Look below for the line containing "A close-up, stacked"; from there, print each line exactly up to and including the line containing "Міцелярні серветки - NIVEA", and stop.
--------------------
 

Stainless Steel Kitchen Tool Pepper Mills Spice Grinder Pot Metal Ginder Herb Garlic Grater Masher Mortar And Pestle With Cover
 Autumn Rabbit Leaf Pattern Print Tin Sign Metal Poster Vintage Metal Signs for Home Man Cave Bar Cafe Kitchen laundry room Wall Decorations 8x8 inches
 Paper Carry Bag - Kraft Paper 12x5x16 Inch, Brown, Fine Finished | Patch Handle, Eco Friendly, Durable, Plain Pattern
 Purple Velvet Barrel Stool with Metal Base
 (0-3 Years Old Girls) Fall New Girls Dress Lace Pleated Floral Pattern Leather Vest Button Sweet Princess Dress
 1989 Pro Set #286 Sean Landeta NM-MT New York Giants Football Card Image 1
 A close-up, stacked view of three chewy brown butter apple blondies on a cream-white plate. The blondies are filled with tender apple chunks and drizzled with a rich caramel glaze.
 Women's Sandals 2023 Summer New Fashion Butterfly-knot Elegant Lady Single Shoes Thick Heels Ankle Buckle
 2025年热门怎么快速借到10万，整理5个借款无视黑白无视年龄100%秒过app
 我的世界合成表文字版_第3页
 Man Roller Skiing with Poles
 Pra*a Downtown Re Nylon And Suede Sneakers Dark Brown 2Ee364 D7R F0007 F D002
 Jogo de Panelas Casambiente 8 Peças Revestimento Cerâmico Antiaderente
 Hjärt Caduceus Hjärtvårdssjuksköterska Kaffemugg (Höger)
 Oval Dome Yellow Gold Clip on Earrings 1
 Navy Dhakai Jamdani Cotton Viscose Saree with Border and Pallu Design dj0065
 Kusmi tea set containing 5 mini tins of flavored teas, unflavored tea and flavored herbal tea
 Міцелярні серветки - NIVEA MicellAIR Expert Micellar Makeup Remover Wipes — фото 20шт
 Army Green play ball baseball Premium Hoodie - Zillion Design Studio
--------------------
● EXERCISE RESULT:
 A close-up, stacked view of three chewy brown butter apple blondies on a cream-white plate. The blondies are filled with tender apple chunks and drizzled with a rich caramel glaze.
 Women's Sandals 2023 Summer New Fashion Butterfly-knot Elegant Lady Single Shoes Thick Heels Ankle Buckle
 2025年热门怎么快速借到10万，整理5个借款无视黑白无视年龄100%秒过app
 我的世界合成表文字版_第3页
 Man Roller Skiing with Poles
 Pra*a Downtown Re Nylon And Suede Sneakers Dark Brown 2Ee364 D7R F0007 F D002
 Jogo de Panelas Casambiente 8 Peças Revestimento Cerâmico Antiaderente
 Hjärt Caduceus Hjärtvårdssjuksköterska Kaffemugg (Höger)
 Oval Dome Yellow Gold Clip on Earrings 1
 Navy Dhakai Jamdani Cotton Viscose Saree with Border and Pallu Design dj0065
 Kusmi tea set containing 5 mini tins of flavored teas, unflavored tea and flavored herbal tea
 Міцелярні серветки - NIVEA MicellAIR Expert Micellar Makeup Remover Wipes — фото 20шт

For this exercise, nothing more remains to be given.